Petr Koblic, kierujący parkietem w Pradze, liczy, że tym razem znalazł sposób na przyciągnięcie nowej grupy emitentów. Zamierza negocjować bezpośrednio z zainteresowanymi emisją akcji firmami, nie oglądając się na ospałe biura maklerskie. Podobno kilka z nich jest już całkiem blisko debiutu.

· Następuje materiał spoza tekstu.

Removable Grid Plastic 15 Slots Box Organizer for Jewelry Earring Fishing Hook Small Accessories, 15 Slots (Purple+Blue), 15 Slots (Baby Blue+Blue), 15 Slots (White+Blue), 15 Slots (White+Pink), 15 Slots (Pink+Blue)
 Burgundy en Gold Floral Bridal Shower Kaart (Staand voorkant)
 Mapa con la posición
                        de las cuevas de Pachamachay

Czeski dziennik ekonomiczny "E15" pisze, że najszybciej oferty mogą przeprowadzić spółki AVG i Nay. Pierwsza to producent m.in. oprogramowania antywirusowego, druga to słowacka sieć sprzedaży AGD i elektroniki. W obu duże pakiety akcji posiada zarejestrowana w Polsce firma private equity Enterprise Investors, która - zdaniem gazety - chciałaby wprowadzić je przede wszystkim do Warszawy. EI potwierdza, że przygotowuje ofertę pierwotną AVG. Jednak plotki o jego debiucie pojawiały się już w przeszłości. Z kolei Nay latem ubiegłego roku przymierzał się do ekspansji na polskim rynku, jednak ostatecznie nie podjął wyzwania.

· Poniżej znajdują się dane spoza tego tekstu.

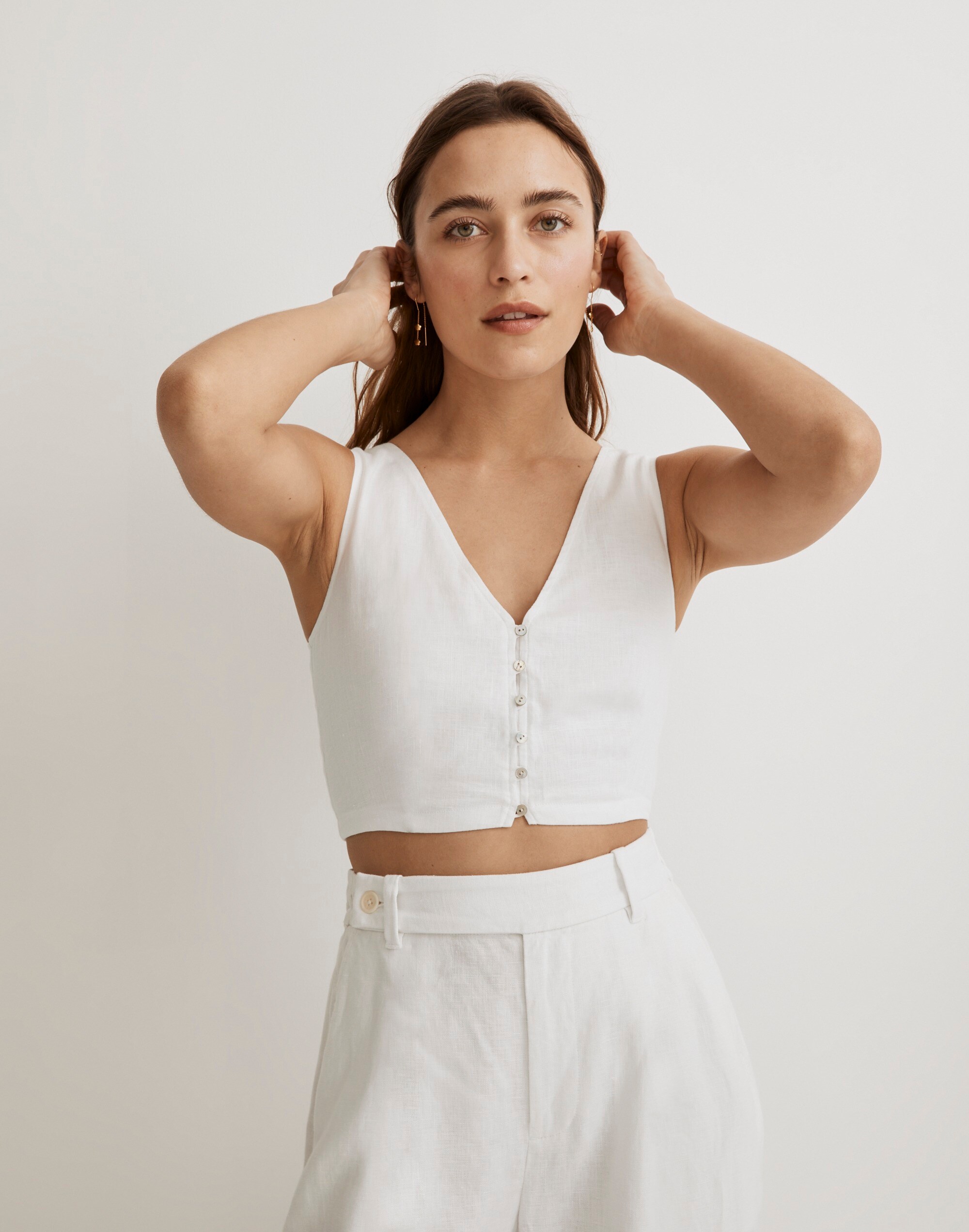 Linen Gwen Crop Vest Top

Kierownictwo praskiej giełdy zamierza walczyć o rodzime firmy z konkurencją w postaci GPW w Warszawie. Sporządzono listę podmiotów, które w różnym momencie deklarowały jakieś zainteresowanie rynkiem publicznym. Petr Koblic ma nadzieję, że uda się przekonać do emisji akcji choćby niedużą część ze 150 umieszczonych na niej spółek.
Za pewien sukces wypada mu poczytać przebieg niedawnej oferty węglowego potentata NWR. Ostatecznie sprzedał on w Pradze więcej papierów niż w Warszawie, choć i tak 90 proc. wartej 4,8 mld zł oferty trafiło do Londynu.
W tym roku innych emisji w Pradze nie było, ale analitycy twierdzą, że przykład NWR zachęci czeskie spółki do konkretyzacji planów.